Data shown below:

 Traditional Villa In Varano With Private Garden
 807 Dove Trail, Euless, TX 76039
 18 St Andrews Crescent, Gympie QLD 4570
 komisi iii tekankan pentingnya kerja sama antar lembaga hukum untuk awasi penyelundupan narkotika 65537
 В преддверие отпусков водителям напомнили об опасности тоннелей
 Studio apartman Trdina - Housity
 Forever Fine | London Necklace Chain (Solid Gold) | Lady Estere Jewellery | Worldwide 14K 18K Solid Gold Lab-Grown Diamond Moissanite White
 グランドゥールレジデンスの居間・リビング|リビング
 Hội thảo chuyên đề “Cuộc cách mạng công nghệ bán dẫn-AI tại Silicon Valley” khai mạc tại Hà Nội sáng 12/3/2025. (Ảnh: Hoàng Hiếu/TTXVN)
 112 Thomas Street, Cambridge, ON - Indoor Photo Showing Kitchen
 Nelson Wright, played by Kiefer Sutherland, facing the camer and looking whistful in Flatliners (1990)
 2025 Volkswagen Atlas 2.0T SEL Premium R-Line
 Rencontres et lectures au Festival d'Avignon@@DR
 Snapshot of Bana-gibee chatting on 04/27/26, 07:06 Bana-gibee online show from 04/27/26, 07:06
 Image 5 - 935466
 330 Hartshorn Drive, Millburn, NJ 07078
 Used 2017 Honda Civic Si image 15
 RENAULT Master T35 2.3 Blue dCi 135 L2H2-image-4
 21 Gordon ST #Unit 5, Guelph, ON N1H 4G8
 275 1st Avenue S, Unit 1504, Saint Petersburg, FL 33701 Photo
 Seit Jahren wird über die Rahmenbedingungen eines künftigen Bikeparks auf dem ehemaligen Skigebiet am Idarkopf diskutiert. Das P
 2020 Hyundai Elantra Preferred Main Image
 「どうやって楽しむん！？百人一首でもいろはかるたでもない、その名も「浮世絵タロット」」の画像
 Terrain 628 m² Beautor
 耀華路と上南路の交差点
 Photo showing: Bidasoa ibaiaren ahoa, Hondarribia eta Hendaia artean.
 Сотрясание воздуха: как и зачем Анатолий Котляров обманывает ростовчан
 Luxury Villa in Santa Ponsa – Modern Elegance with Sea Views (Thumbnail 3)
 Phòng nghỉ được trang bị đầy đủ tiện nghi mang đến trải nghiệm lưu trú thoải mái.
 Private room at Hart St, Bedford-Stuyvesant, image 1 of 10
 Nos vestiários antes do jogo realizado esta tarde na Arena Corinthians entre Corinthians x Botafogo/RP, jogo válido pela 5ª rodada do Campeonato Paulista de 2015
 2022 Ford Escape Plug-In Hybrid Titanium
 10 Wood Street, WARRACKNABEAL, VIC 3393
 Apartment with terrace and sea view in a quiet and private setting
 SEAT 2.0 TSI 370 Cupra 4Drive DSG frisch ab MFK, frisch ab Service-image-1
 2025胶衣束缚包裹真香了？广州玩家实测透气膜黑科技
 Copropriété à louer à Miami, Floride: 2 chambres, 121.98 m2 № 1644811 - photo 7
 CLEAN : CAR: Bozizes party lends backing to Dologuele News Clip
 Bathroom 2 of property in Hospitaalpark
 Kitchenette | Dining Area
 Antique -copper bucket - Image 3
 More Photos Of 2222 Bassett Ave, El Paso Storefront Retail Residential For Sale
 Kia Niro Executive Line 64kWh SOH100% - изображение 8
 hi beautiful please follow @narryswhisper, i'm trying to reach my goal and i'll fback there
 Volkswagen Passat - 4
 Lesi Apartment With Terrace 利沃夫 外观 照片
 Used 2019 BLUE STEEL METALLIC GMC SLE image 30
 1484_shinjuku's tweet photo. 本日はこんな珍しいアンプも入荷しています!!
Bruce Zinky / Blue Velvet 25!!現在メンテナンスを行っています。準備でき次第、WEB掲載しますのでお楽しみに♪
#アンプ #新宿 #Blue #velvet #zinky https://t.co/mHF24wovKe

End of Data shown.

- _Problem requirements_: Given the data above, transcribe exactly the lines from the one containing "807 Dove Trail, Euless, TX 76039" down to the one containing "RENAULT Master T35", and no others.

- _Your solution_:
 807 Dove Trail, Euless, TX 76039
 18 St Andrews Crescent, Gympie QLD 4570
 komisi iii tekankan pentingnya kerja sama antar lembaga hukum untuk awasi penyelundupan narkotika 65537
 В преддверие отпусков водителям напомнили об опасности тоннелей
 Studio apartman Trdina - Housity
 Forever Fine | London Necklace Chain (Solid Gold) | Lady Estere Jewellery | Worldwide 14K 18K Solid Gold Lab-Grown Diamond Moissanite White
 グランドゥールレジデンスの居間・リビング|リビング
 Hội thảo chuyên đề “Cuộc cách mạng công nghệ bán dẫn-AI tại Silicon Valley” khai mạc tại Hà Nội sáng 12/3/2025. (Ảnh: Hoàng Hiếu/TTXVN)
 112 Thomas Street, Cambridge, ON - Indoor Photo Showing Kitchen
 Nelson Wright, played by Kiefer Sutherland, facing the camer and looking whistful in Flatliners (1990)
 2025 Volkswagen Atlas 2.0T SEL Premium R-Line
 Rencontres et lectures au Festival d'Avignon@@DR
 Snapshot of Bana-gibee chatting on 04/27/26, 07:06 Bana-gibee online show from 04/27/26, 07:06
 Image 5 - 935466
 330 Hartshorn Drive, Millburn, NJ 07078
 Used 2017 Honda Civic Si image 15
 RENAULT Master T35 2.3 Blue dCi 135 L2H2-image-4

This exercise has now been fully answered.